Das Finale der Modenschauen am späten Sonntagnachmittag war auch das Finale der gesamten Messe Forest Spring, die zum Ende gut 20.000 Besucher verzeichnen konnte. Foto: Peter SelterDas Finale der Modenschauen am späten Sonntagnachmittag war auch das Finale der gesamten Messe Forest Spring, die zum Ende gut 20.000 Besucher verzeichnen konnte. Foto: Peter Selter

Fürstenau. Mit gut 20000 Besuchern blieb die Messe Forest Spring zwar hinter den Erwartungen zurück, insgesamt war die Großveranstaltung in Fürstenau für die Organisatoren aber ein voller Erfolg, so das Resümee der Veranstalter.

"Unser besonderer Dank gilt den zahlreichen Helfern, ohne deren zuverlässigen und gekonnten Einsatz die Veranstaltung so nicht darstellbar gewesen wäre", betonte der Hauptorganisator von Forest Spring, Dietmar Plagge am Ende der beiden Messetage. 

An vergangenen Samstag und Sonntag hatte die Verbrauchernmesse nach Erfolgen in 2012 und 2015 erneut ihre Tore auf dem Gelände des Freizeit- und Ferienparks Fürsten Forest geöffnet. Er freute sich ganz besonders darüber, dass trotz aller Lebendigkeit, die die Aussteller mit ihren vielfältigen Mitmach-Angeboten in die Veranstaltung gebracht hätten, die Stimmung sehr ruhig und gelassen gewesen seien. Die Besucher und die Aussteller hätten so zwei spannende und zugleich sehr unaufgeregte Tage verbracht. Insgesamt seien gut 20.000 Besucher gekommen. Nach einem verregneten Samstag hätte die Resonanz am Sonntag alles wieder "herausgerissen", so Plagge. 
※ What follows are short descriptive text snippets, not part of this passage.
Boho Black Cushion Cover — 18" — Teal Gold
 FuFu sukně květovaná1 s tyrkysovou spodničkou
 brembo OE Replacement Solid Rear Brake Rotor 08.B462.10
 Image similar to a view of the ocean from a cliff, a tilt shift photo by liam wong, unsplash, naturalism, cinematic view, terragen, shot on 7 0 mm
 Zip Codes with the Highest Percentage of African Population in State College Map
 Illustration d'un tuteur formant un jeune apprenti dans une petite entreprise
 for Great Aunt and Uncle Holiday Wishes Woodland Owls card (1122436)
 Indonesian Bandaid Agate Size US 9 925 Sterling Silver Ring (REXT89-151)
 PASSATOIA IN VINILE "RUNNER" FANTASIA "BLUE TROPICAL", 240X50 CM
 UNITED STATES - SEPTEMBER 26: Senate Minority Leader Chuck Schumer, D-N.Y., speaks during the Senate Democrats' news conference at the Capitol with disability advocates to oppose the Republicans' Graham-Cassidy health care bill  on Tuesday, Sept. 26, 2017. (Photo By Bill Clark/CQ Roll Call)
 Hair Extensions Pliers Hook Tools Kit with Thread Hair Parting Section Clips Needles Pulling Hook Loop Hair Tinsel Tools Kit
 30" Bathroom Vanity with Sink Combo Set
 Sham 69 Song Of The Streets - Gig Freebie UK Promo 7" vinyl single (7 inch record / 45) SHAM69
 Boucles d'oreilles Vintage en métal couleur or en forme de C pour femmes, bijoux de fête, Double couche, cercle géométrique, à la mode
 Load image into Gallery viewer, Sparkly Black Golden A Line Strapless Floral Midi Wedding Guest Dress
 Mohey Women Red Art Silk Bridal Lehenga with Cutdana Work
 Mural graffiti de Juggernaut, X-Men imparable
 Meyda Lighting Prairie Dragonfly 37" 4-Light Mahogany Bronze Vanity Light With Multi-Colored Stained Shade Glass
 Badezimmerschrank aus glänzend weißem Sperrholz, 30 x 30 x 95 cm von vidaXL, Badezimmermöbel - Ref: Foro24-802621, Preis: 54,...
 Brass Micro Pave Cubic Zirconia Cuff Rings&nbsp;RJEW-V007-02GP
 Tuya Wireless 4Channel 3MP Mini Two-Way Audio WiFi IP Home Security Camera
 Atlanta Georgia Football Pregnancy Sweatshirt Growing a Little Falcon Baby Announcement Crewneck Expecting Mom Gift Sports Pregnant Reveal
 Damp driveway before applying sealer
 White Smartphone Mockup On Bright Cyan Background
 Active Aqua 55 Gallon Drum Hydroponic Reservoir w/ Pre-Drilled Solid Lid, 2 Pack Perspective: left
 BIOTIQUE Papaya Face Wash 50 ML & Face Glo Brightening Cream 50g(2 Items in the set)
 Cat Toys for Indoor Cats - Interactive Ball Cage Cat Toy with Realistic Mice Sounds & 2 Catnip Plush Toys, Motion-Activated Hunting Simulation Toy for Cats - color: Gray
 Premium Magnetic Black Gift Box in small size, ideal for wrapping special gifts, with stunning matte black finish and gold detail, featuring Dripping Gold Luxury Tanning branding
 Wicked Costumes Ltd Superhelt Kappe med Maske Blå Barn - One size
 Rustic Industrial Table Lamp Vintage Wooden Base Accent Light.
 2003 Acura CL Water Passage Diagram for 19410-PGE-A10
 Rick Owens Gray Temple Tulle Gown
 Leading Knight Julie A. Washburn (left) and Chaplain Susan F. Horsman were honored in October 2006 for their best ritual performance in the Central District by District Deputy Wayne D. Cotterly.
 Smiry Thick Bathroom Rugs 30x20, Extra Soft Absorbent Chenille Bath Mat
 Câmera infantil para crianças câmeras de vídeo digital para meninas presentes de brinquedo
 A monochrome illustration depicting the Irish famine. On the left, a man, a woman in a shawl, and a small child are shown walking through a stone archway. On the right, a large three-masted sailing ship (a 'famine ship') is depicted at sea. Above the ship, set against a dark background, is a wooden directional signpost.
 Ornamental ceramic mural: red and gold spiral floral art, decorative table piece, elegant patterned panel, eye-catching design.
Erleichtert zeigte sich auch der Kreisbereitschaftsleiter Nord des Deutschen Roten Kreuzes (DRK), Lars Kreie, über den Verlauf der Messe ohne Zwischenfälle. Das Team des DRK, das die gesamte Messezeit vor Ort war, sei zwar sehr professionell aufgestellt, es sei jedoch immer besser, wenn die Kompetenzen im Einsatz gar nicht erst bewiesen werden müssten. Auch er betonte die Umsicht der Besucher. Das sei gerade in den Bereichen, wo sie Menschenmengen verdichten würden, nicht selbstverständlich. 

Sicherheitsdienst findet "verlorenes" Auto wieder

Ulrich Heuer vom gleichnamigen Fürstenauer Sicherheitsdienst erklärte, dass das Verkehrs- und Sicherheitskonzept genau gepasst hätte. Die gesamten Verkehrsflüsse und die Verkehrsordnung durch die Helfer hätten reibungsfrei funktioniert. Eigentlich habe es nur einen wesentlichen besonderen Fall gegeben: Eine junge Mutter aus Fürstenau, die zusammen mit ihrer kleinen Tochter bei der Einfahrt auf das Gelände wohl nicht genau darauf geachtet habe, wo sie ihr Auto auf dem gut belegten Großparkplatz abstellt hatte, habe zunächst eineinhalb Stunden lang ihr Auto gesucht aber nicht gefunden. Dann habe sie sich an den Sicherheitsdienst gewandt. Nach kurzer Suche sei das Auto dann auf dem stark frequentierten Parkplatz gefunden worden und zum Eingang des Freizeit- und Ferienparks gefahren worden. Als Mutter und Kind dann wieder in ihrem vertrauten Gefährt Platz nehmen konnten, sei die Erleichterung und der Dank groß gewesen. "Wir helfen halt in nahezu allen Lebenslagen" so Ulrich Heyer.

Bereits bei der Eröffnung am Freitag war von den politischen Vertretern die Fortsetzung der Messe als Forest Spring 4.0 thematisiert worden. "Langsam" sagt Dietmar Plagge jetzt dazu. Es gelte jetzt erstmal die Messe in Ruhe zu Ende zu bearbeiten. Ob und wie es dann weitergehe, würden sie dann in Ruhe überlegen, so Plagge.